== Raw data ==

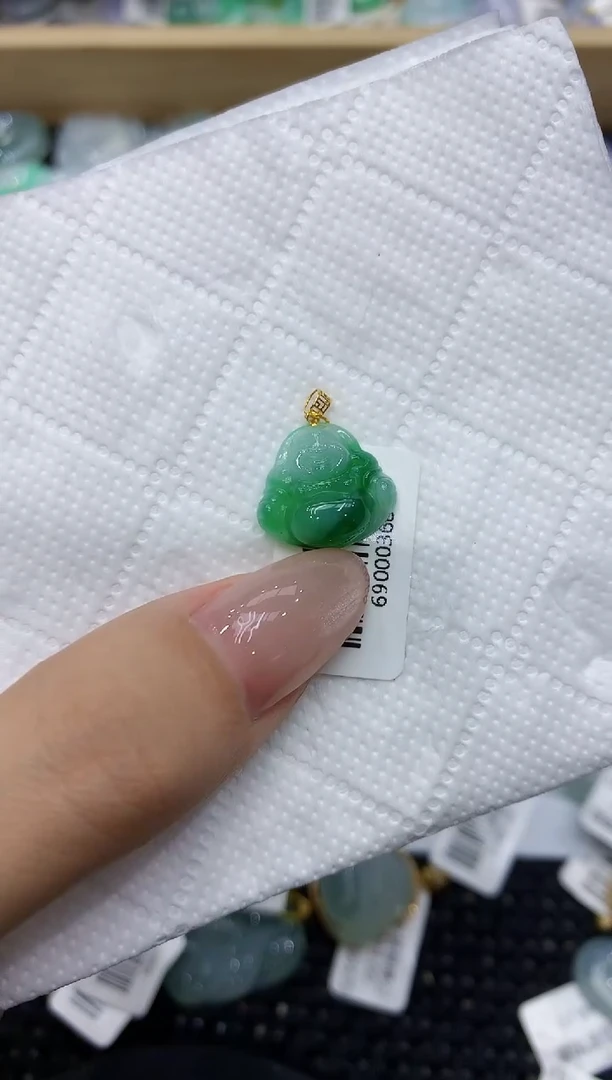 翡翠18K金镶嵌颈饰111111111111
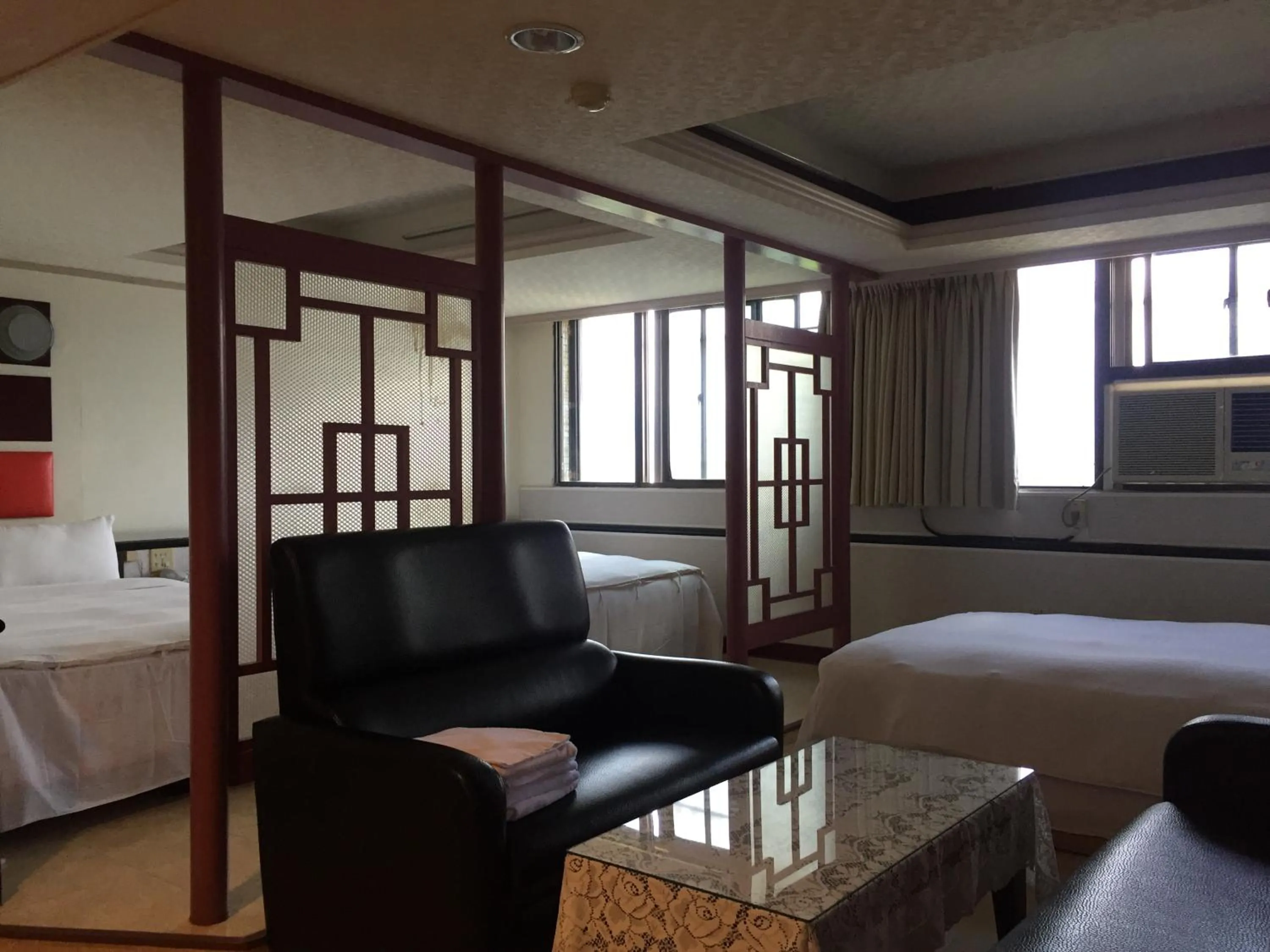 Bed in King Lo Tung Hotel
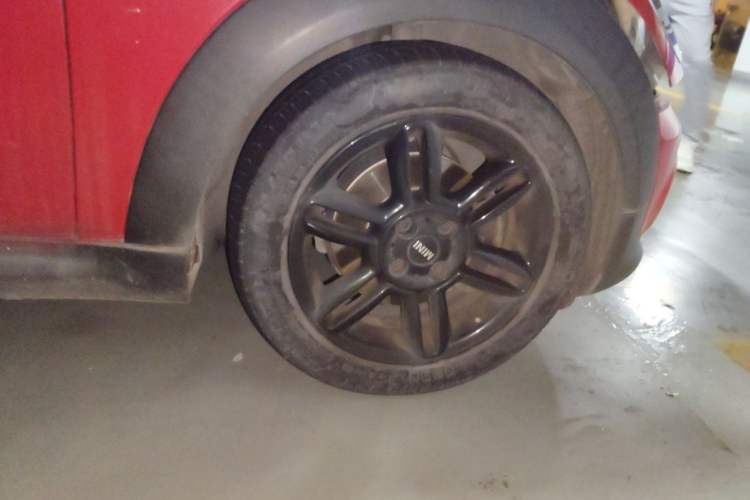 Used MINI Clubman 2011 1.6L COOPER Fun Right Front Wheel Hub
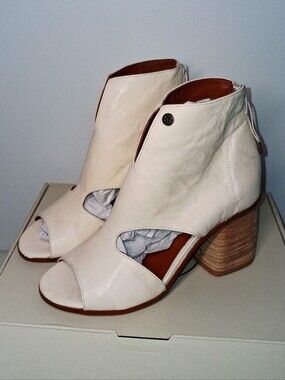 OXS Italian leather peep toe cutout ankle boot cream EU 38 US 8 NWT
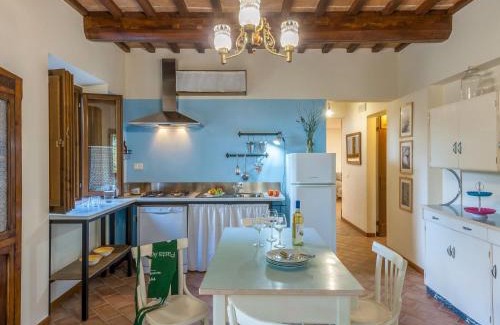 Monte San Martino Villa | Luxury Stay with Garden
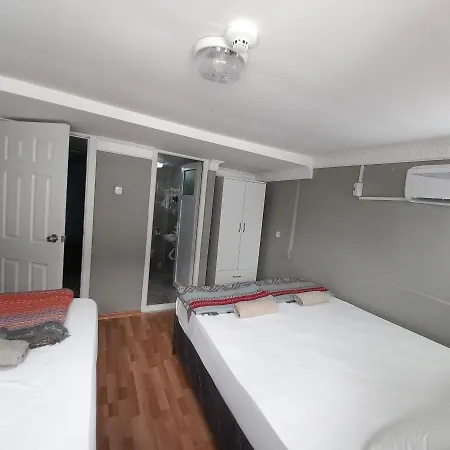 Bed & Breakfast Gunes *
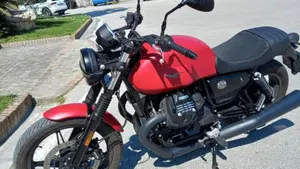 Moto Guzzi V7 Stone (2021 - 24)  (3)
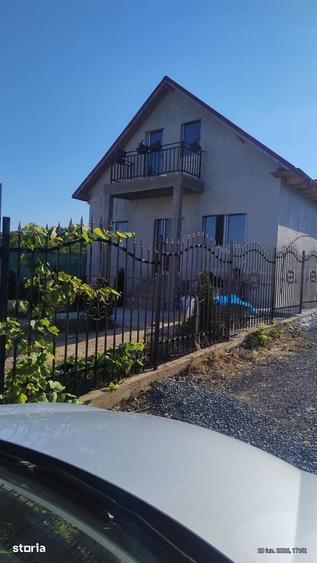 Casă cu 4 camere cu Teren 200 Mp în Lumina
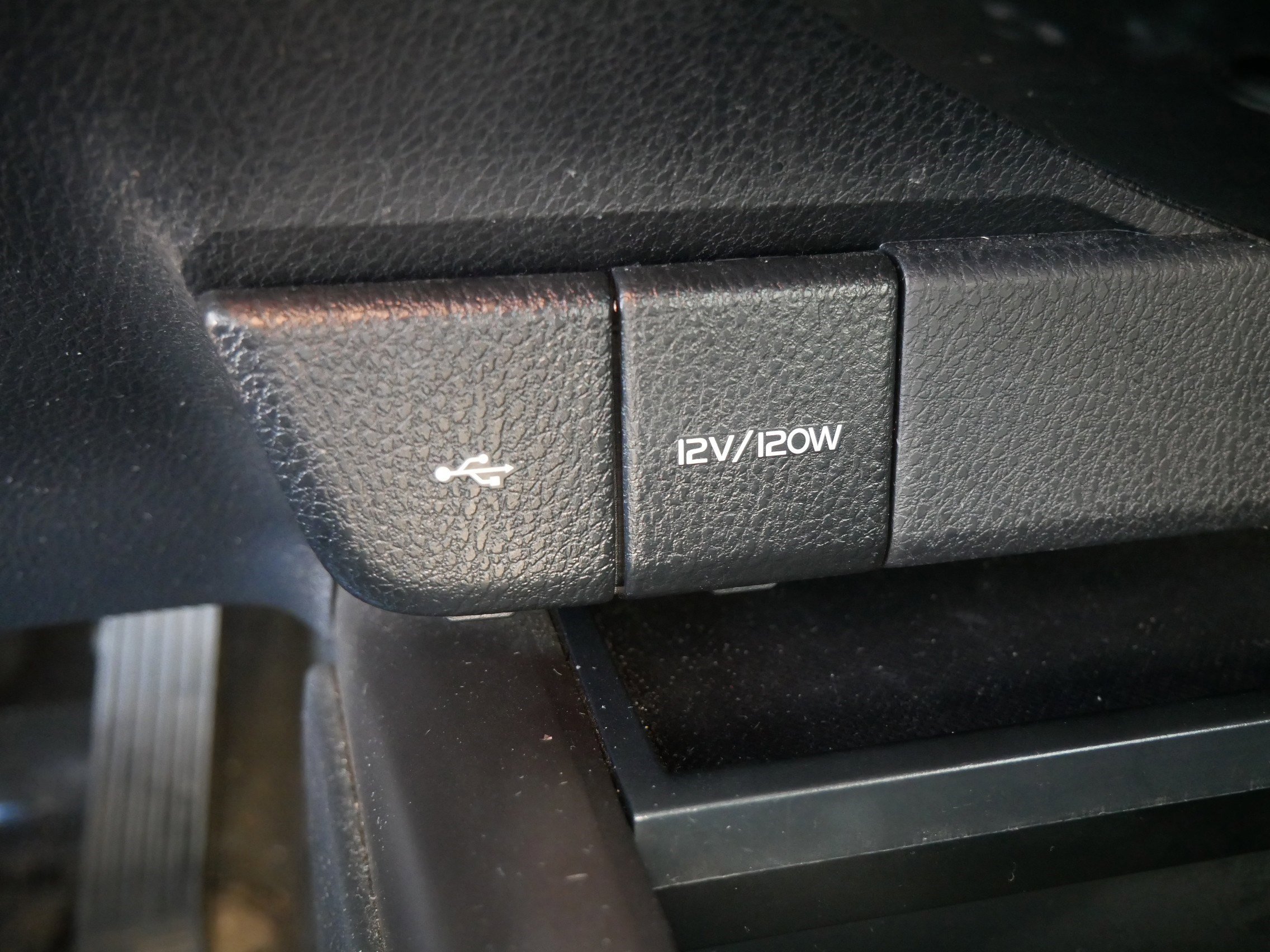 Used 2023 Toyota Camry SE image 30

===

■ Work item ■
Restate the data above exactly, stripping out each image.

■ Response ■
 翡翠18K金镶嵌颈饰111111111111
 Bed in King Lo Tung Hotel
 Used MINI Clubman 2011 1.6L COOPER Fun Right Front Wheel Hub
 OXS Italian leather peep toe cutout ankle boot cream EU 38 US 8 NWT
 Monte San Martino Villa | Luxury Stay with Garden
 Bed & Breakfast Gunes *
 Moto Guzzi V7 Stone (2021 - 24)  (3)
 Casă cu 4 camere cu Teren 200 Mp în Lumina
 Used 2023 Toyota Camry SE image 30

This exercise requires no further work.